- Assigned task -
Go through the lines below and repeat each one exactly, skipping pictures.

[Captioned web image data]
-----

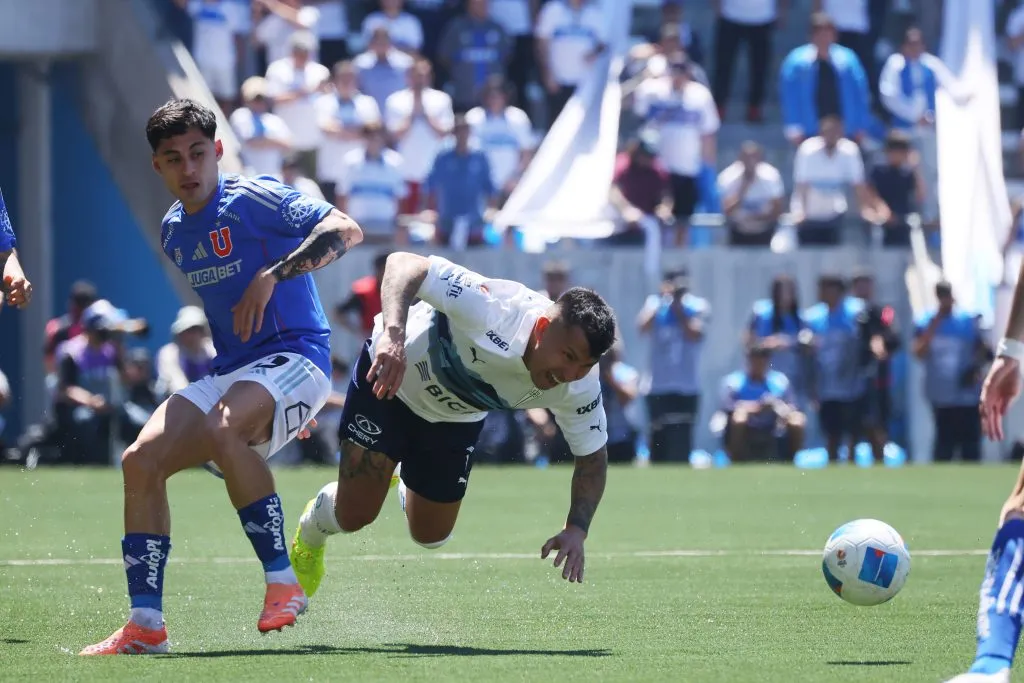 Javier Altamirano en acción durante el Clásico Universitario. (Jonnathan Oyarzun/Photosport).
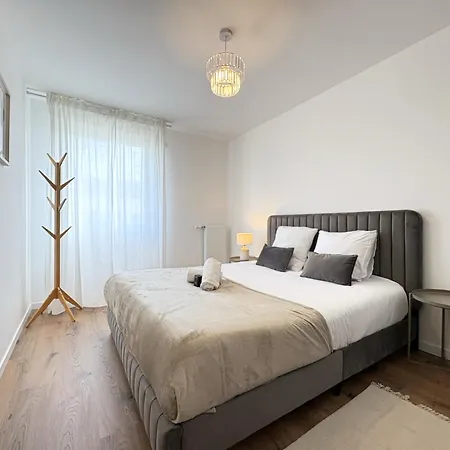 Le Saphir 8mn Gare 7min Paris Parking X2 Appartement Chessy (Seine-et-Marne)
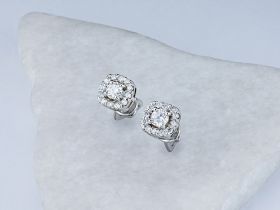 Пусеты из белого золота с бриллиантами э4701пс04190200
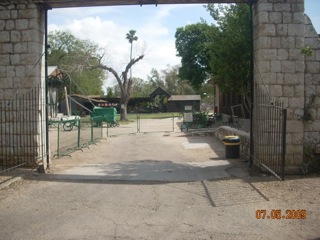 השער לחצר
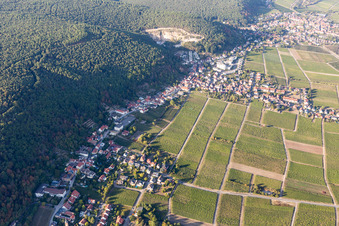 Vue aérienne de Anneau d'amande à le quartier Haardt in Neustadt an der Weinstraße dans le département Rhénanie-Palatinat, Allemagne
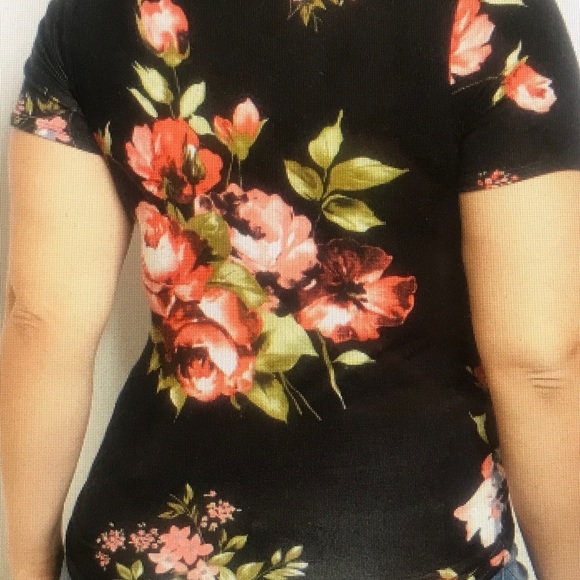Black Floral Print Top - Picture 2 of 2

-----

- Solution to the exercise -
 Javier Altamirano en acción durante el Clásico Universitario. (Jonnathan Oyarzun/Photosport).
 Le Saphir 8mn Gare 7min Paris Parking X2 Appartement Chessy (Seine-et-Marne)
 Пусеты из белого золота с бриллиантами э4701пс04190200
 השער לחצר
 Vue aérienne de Anneau d'amande à le quartier Haardt in Neustadt an der Weinstraße dans le département Rhénanie-Palatinat, Allemagne
Black Floral Print Top - Picture 2 of 2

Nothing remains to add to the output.